| Activity |
All of the lines below need to be copied exactly, apart from the pictures.

| Data provided |
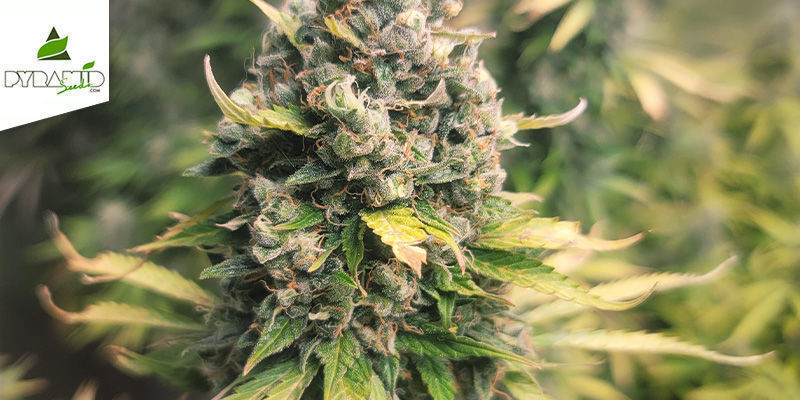 Auto Tutankhamon (Pyramid Seeds) Feminized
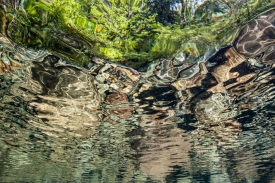 Over-Underwater - 3H_038011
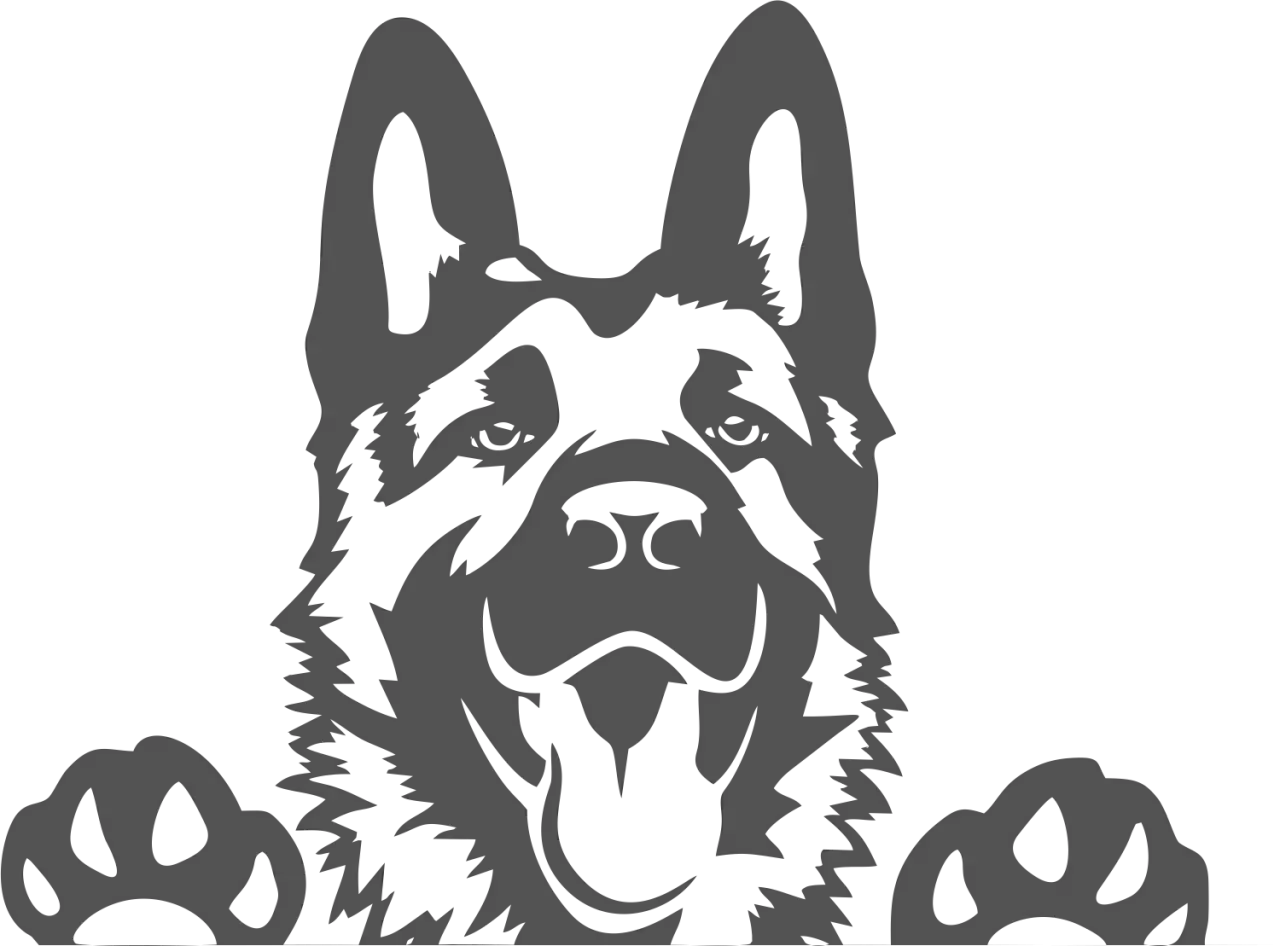 Zdjęcie Ile kosztuje psi hotel? Sprawdź ceny i ukryte opłaty dla ps&oacute;w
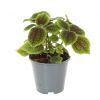 Pilea involucrata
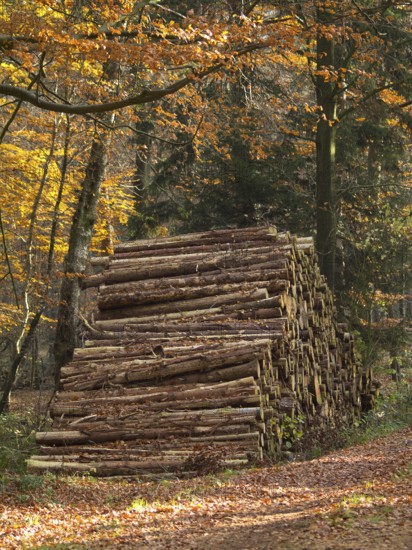 Woodpile next to an autumnal forest path, Borken, Münsterland, Germany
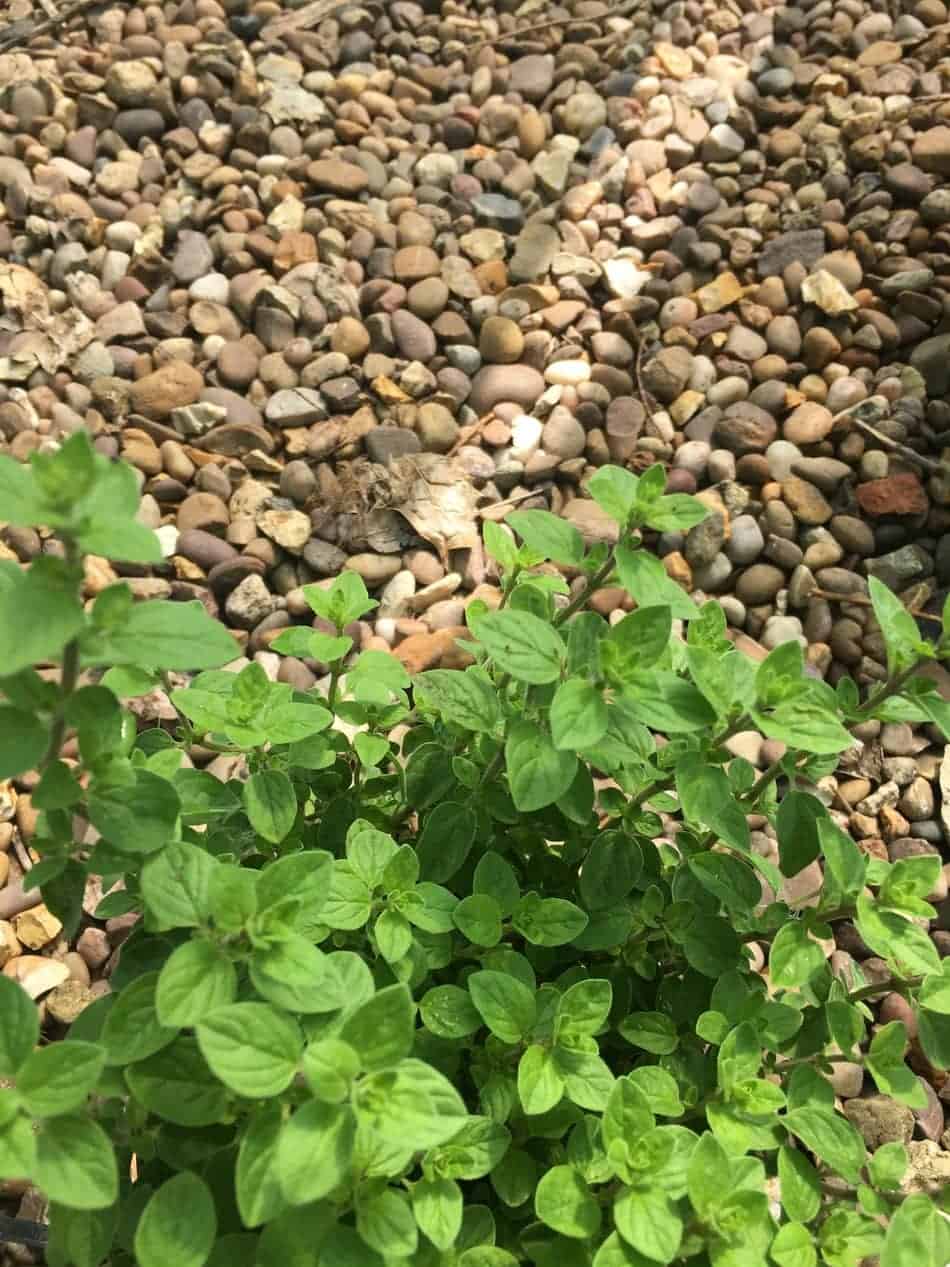 Growing Oregano - A Complete Guide - Homegrown Herb Garden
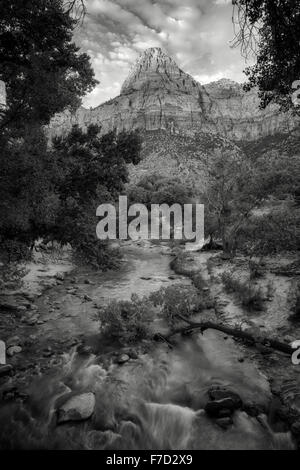 Virgin River und Peak mit Pappeln. Zion Nationalpark, UT Stockfoto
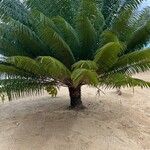 Cycas circinalisFolha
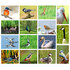 bird postcards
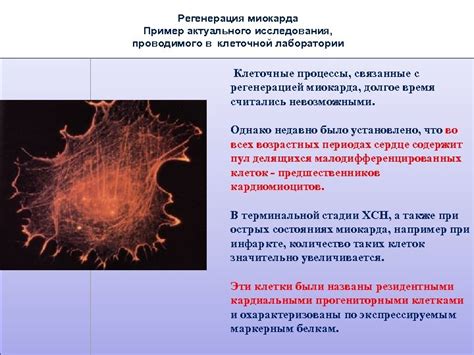 Влияние стромы клеточной на клеточные процессы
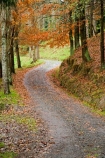 autuminal;autumn;autumn-colour;autumn-colours;autumnal;avenue;color;colors;colour;colours;deciduous;fall;leaf;leaves;N.I.;N.Z.;New-Zealand;NI;North-Island;NZ;Rangitikei;road;roads;season;seasonal;seasons;track;tracks;tree;trees;Utiku;wood;woods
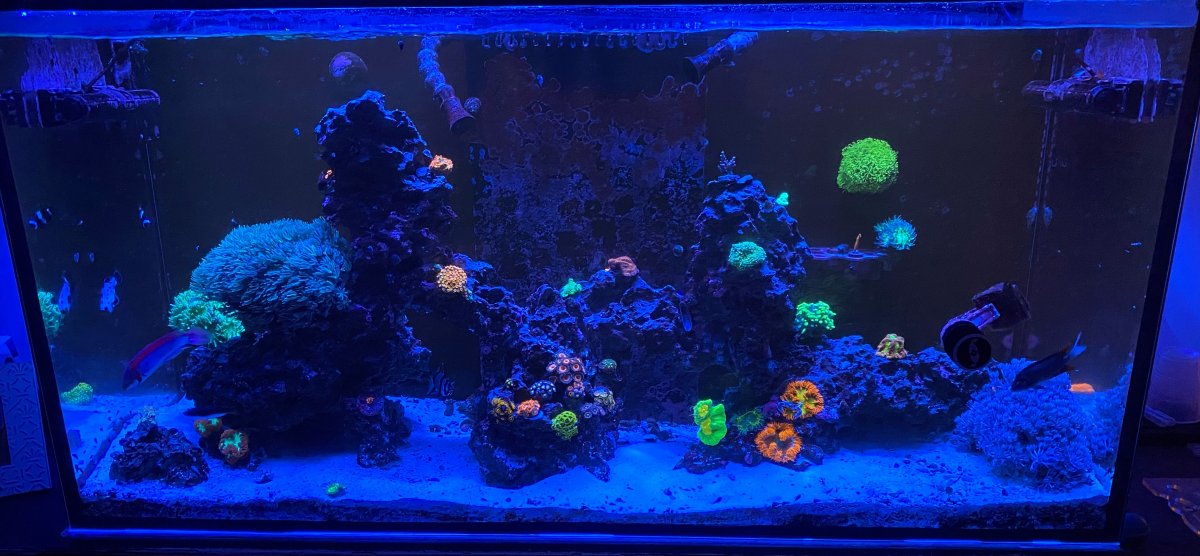 fts.jpg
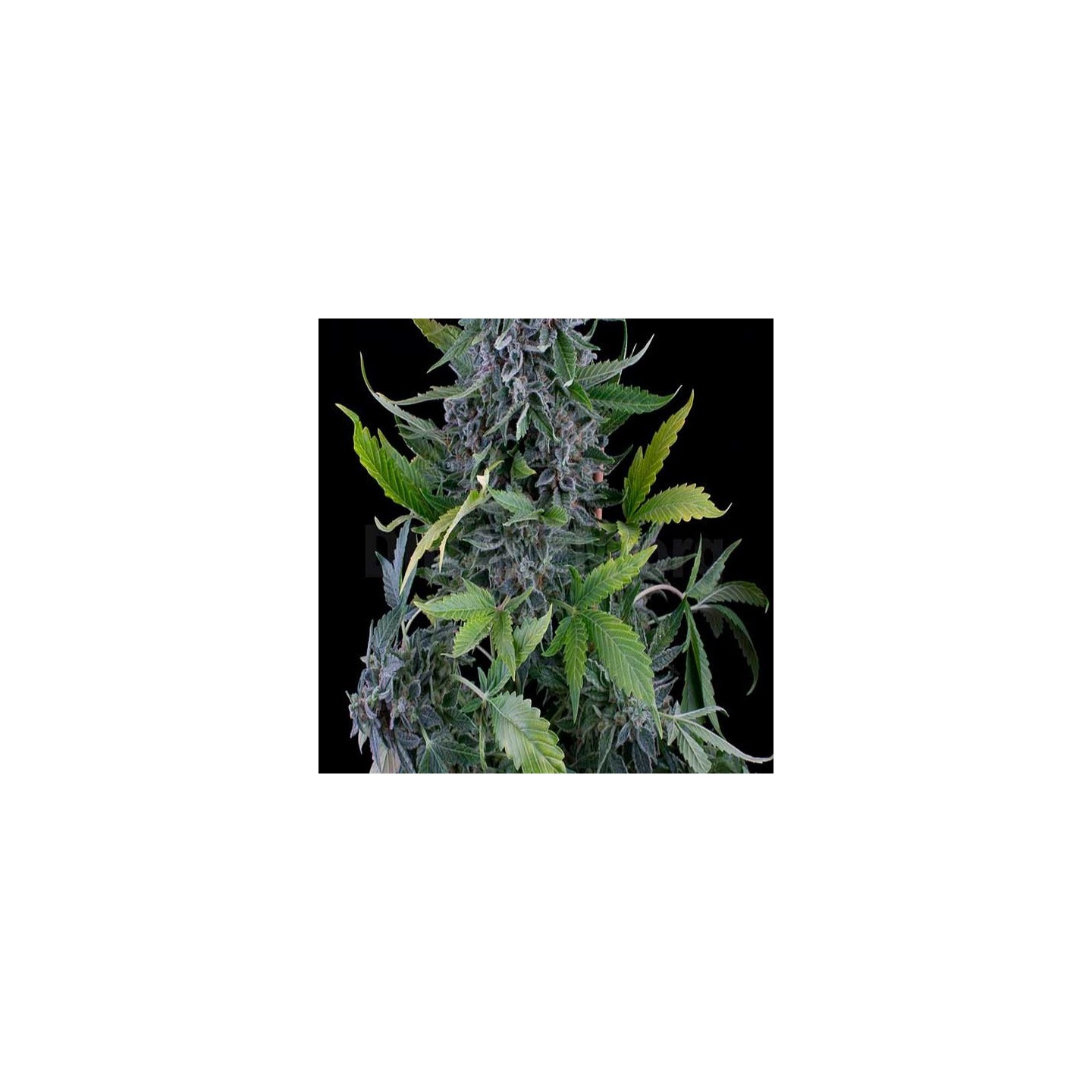 White Widow Autofloreciente Feminizada de Green House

| Solution |
 Auto Tutankhamon (Pyramid Seeds) Feminized
 Over-Underwater - 3H_038011
 Zdjęcie Ile kosztuje psi hotel? Sprawdź ceny i ukryte opłaty dla ps&oacute;w
 Pilea involucrata
 Woodpile next to an autumnal forest path, Borken, Münsterland, Germany
 Growing Oregano - A Complete Guide - Homegrown Herb Garden
 Virgin River und Peak mit Pappeln. Zion Nationalpark, UT Stockfoto
 Cycas circinalisFolha
 bird postcards
 Влияние стромы клеточной на клеточные процессы
 autuminal;autumn;autumn-colour;autumn-colours;autumnal;avenue;color;colors;colour;colours;deciduous;fall;leaf;leaves;N.I.;N.Z.;New-Zealand;NI;North-Island;NZ;Rangitikei;road;roads;season;seasonal;seasons;track;tracks;tree;trees;Utiku;wood;woods
 fts.jpg
 White Widow Autofloreciente Feminizada de Green House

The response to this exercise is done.